If you’re like me, you’ve had a set of very specific prospect-related injury questions for a while now, and it can be really difficult to get answers in-season on that stuff. And in a year when so many of the Cubs’ top prospects who could have been at the higher levels missed virtually the full season, it feels all the more important to understand what the heck happened. So up top, I want to give big shouts to Gordon Wittenmyer for finding out so much.
Here’s what you want to read at NBCSC for the full context and color on four of the Cubs prospects dealing with injury issues this year. It’s a deeper dive than I’ll hit here, because, hey, you should go read Wittenmyer’s piece. It’s not like it’s *good* news stuff, but it’s important information.
Among the prospects whose situations are illuminated …
⇒ Pitching prospect Brailyn Marquez, who was the clear top pitching prospect in the system before the last two years saw him pitch basically not at all, is at least throwing bullpens again. We knew he’d missed the start of the season with COVID, then a shoulder strain, and then a setback in his ramp up. But the Cubs say they’ve simply been taking it extremely slow and cautious with Marquez, who has no structural issues with the shoulder. There’s a chance he could pitch in the Arizona Fall League and/or in the Dominican Winter League, but it sounds like the focus is more about putting him in a position to have a normal (but conservative) ramp-up process next Spring Training. What Marquez can be next year for the Cubs is completely up in the air, ranging from as low as “the lost two years and more injury issues totally scuttled things” to as high as “wow, he is completely back and is dominating at Triple-A and is probably going to contribute in MLB in the second half!”
⇒ Catching prospect Miguel Amaya, also a clear top prospect in the system until the forearm injury this year, is still rehabbing in Arizona. This wasn’t a surgery situation, so that’s good, but it’s not clear whether he’ll be able to get some at bats in winter ball.
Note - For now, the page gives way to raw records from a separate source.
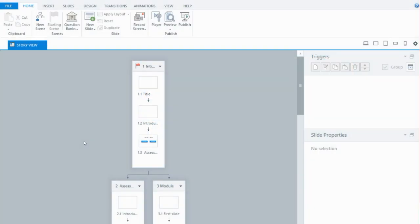Hi everyone. In this tutorial I'm going to show you how to set up an assessment first option in your Storyline modules. The reason you might want to do this is that it can recognize people who already have experience in a particular topic area and may already know the content. So rather than having to take the whole module and then the assessment, they're able to take the assessment and if they pass, then they're complete — completing the module a bit quicker.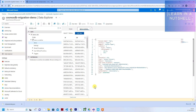Hey guys, welcome back to Learn in a Nutshell. Today let's see how to export your CosmosDB data into a JSON format file, and also later on how to import that data back to your CosmosDB - suppose if you are in a different Azure subscription and you want to import that data. Without wasting any time, let's get into the video.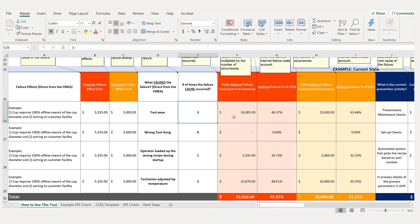Three times the tool has worn, leading to a small diameter. Adding that up: $16,000 worth of internal failure and $15,000 in external failure over this time period. These pre-populated areas show what rework costs and what the customer cost is on a given basis — I like to go annually, but just make sure you're consistent. We also had zero instances of the wrong tool being hung, one instance of the wrong recipe loaded, and two instances of incorrect tip temperature adjustment.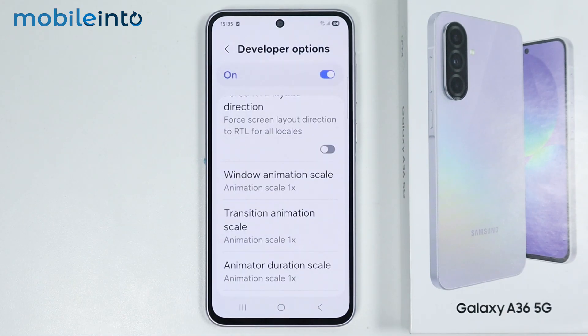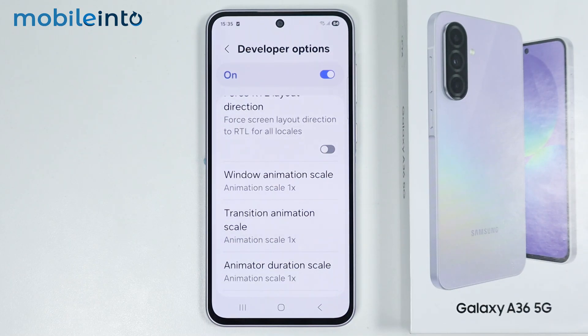And this is how you can change the DPI settings on the Samsung Galaxy A36 or the A56. Make sure to like, comment, and subscribe. Thank you for watching.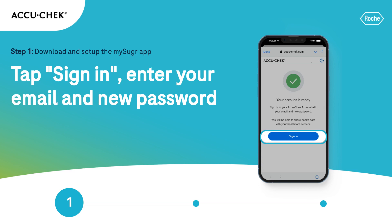If you look at your mobile phone's display, you will notice that after verifying your email address, your account is ready. Tap Sign In and enter your email and new password.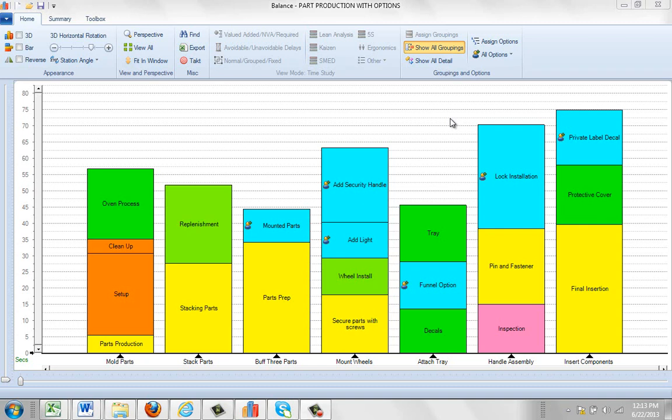One of the main advantages of the grouping and option functions here is it allows you to simplify a process. So for instance, over here in the mold parts area you can see I've got part production, I've got set up.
Given the desire to have him on the big league radar for next year (he’s already on the 40-man, and the Cubs would love to be able to bring him up at least periodically to catch when needed), you really would’ve wanted to see him break out this year at Double-A. Alas, he just didn’t get in the games (and when he did, the power wasn’t there yet). Where that leaves his standing in the organization – future Willson Contreras partner? Successor? Up-down guy? – is, like Marquez, totally up in the air.
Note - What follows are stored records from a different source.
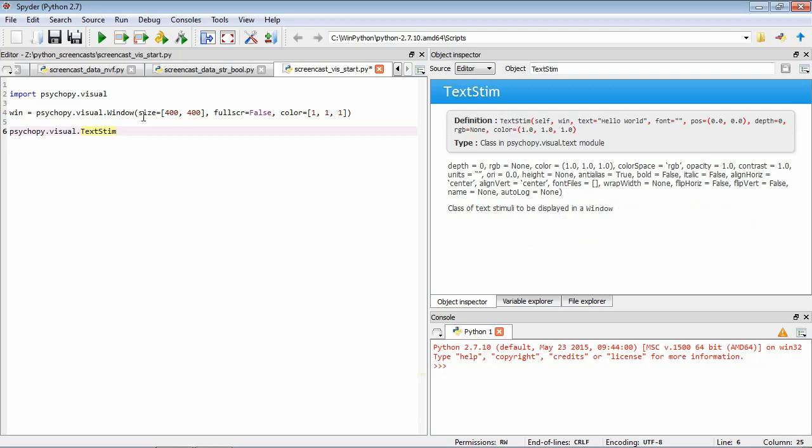So again, we need to give it some function parameters. So we can see that one here we have is Win. So Win is the window that it's going to draw to. So we need to provide this. So Win equals, we've called ours Win as well. So Win equals Win.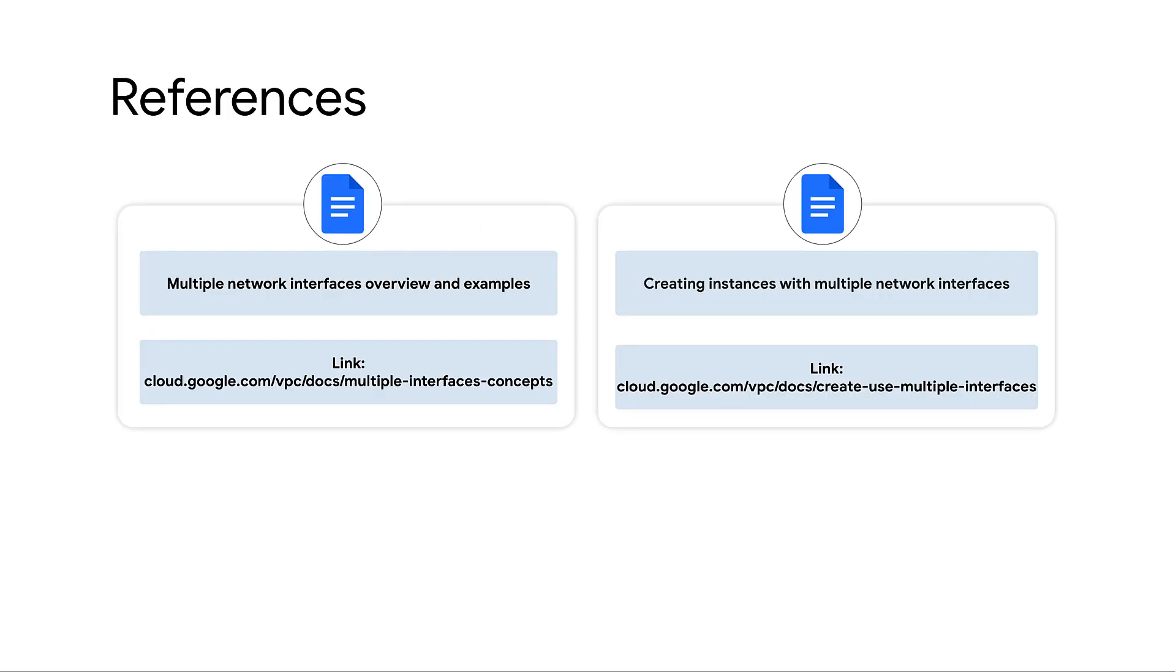For more details about VM with multiple network interfaces, check out the following documents.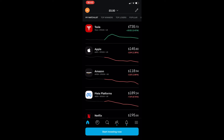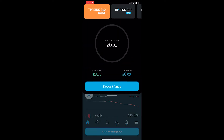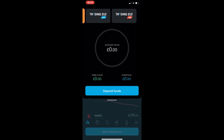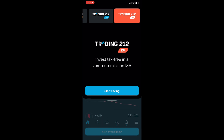To do this, open up the Trading212 app and you will be taken to a screen that looks like this. To open an ISA account, tap on the profile icon at the top, and then from these three options just click on Trading212 ISA.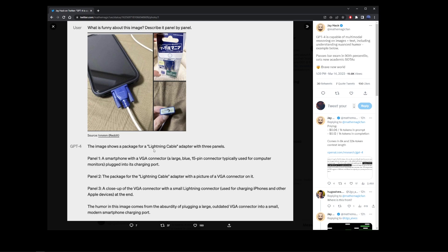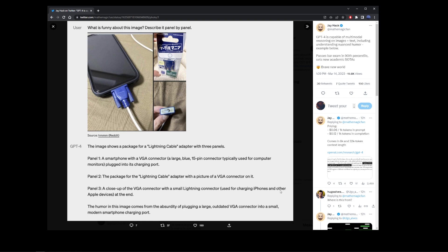Chat GPT-4 was able to identify a smartphone with a VGA connector plugged into the charging port on the iPhone. It also identified the package for the lightning cable in the second image and a close-up of the VGA connector with a small lightning connector used for charging iPhones and other Apple devices.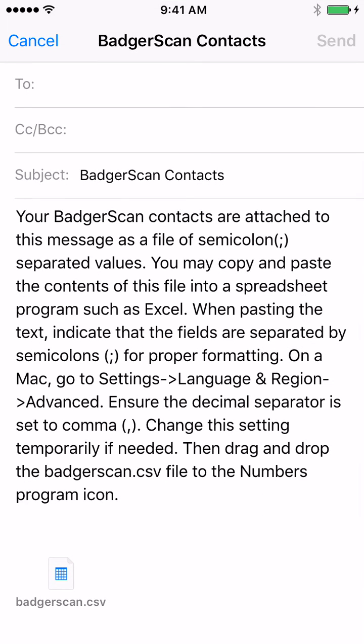Remember, BadgerScan stores all your data locally on your device and never sends the data to third-party servers. Sending yourself a BadgerScan export file during events is an excellent way to create backups of your contact data.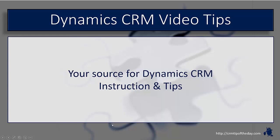Hey everybody, it's Derek and welcome back to CRM Tip of the Day's Video Tips, your source for tips and step-by-step instruction on the latest version of Microsoft Dynamics CRM.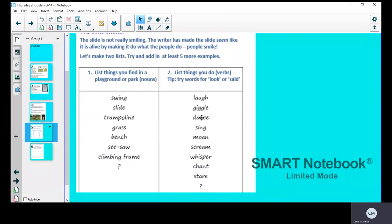On the other side, I want you to list verbs—things that people do. We're not thinking about nouns now, just things that people do. Some examples: laugh, giggle, dancing, moan, scream, whisper, chant, stare. Can you add five more verbs to this list? It doesn't have to match with the noun; I just need you to think of five more verbs. Now I'm going to show you some personification.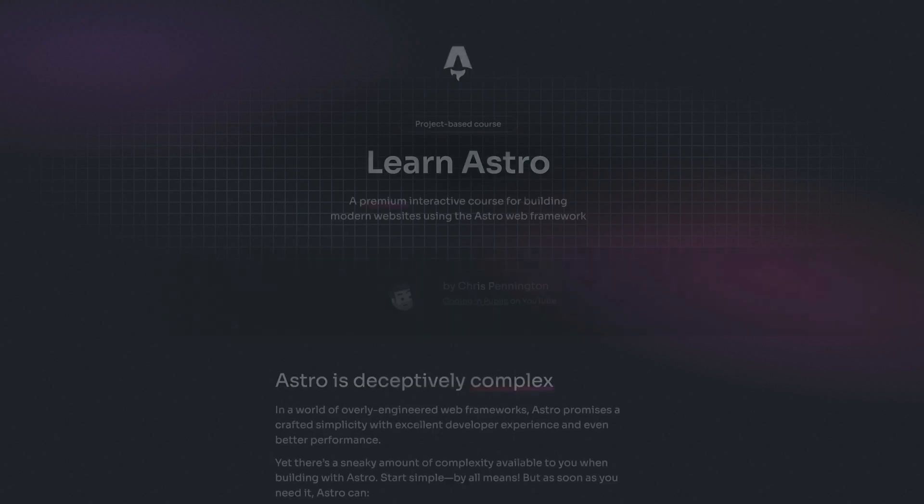I trust you enjoyed that video. I'll remind you that this whole playlist is a sneak peek of module one for my course, learnastro.dev. If you're interested in getting that course at a discount, check out the link below. I'll catch you in the next one. Thanks for watching. Happy coding.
⇒ Righty Kohl Franklin was looking like a steal for the Cubs out of the 6th round in 2018, but you had the pandemic season taking away a minor league year, and then a shoulder strain giving him problems all year. It’s really similar to Marquez’s situation, in terms of the injury, the time lost, and what otherwise would’ve been an opportunity to emerge as a top arm at Double-A or Triple-A. Franklin was getting that kind of buzz before the season. Again, no structural issues, but you still hate to see any missed developmental time. There’s a chance he could get in some competitive innings in the Arizona Fall League, but at this point, he might also be a guy where your focus is just to see him in a really good spot by Spring Training. With a pitcher like him, at least he can do a lot of the work on his own, and could theoretically kick off next season at an elevated level if he’s been developing behind the scenes in ways that don’t require in-game at bats (not unlike the way we saw Max Bain and Cam Sanders really fly this year).
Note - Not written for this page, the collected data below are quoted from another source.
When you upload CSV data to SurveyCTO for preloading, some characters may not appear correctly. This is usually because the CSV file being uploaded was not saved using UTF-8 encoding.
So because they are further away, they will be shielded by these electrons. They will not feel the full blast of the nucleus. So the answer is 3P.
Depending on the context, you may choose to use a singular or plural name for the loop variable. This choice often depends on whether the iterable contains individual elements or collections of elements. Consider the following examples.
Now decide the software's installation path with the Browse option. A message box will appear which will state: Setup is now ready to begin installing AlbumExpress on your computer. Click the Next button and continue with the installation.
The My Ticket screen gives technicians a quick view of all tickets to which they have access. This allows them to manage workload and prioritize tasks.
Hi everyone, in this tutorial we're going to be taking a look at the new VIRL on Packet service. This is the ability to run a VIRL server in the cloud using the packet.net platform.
⇒ Outfielder Pete Crow-Armstrong may have been the biggest name prospect the Cubs acquired at the deadline (for Javy Báez, Trevor Williams, and cash (thanks, Mets!)), but the Cubs knew he wasn’t going to return this year after early-season surgery to repair the labrum in his non-throwing shoulder. You always wonder in a situation like that what impact the recovery will have on a guy’s hitting ability – especially a guy for whom there were already power questions – but at least PCA is still so young. He’s not yet swinging, and he might not until a minor league mini-camp after the flip of the calendar. The focus, instead, is still on that rehab and conditioning and strengthening. Winter ball at bats are presented as possible, but I think the tea leaves suggest that won’t happen. Not unlike the other three, you just want to see him in a place to have a normal Spring Training ramp-up, and then he can head on out for a full season at High-A if he’s looking really good.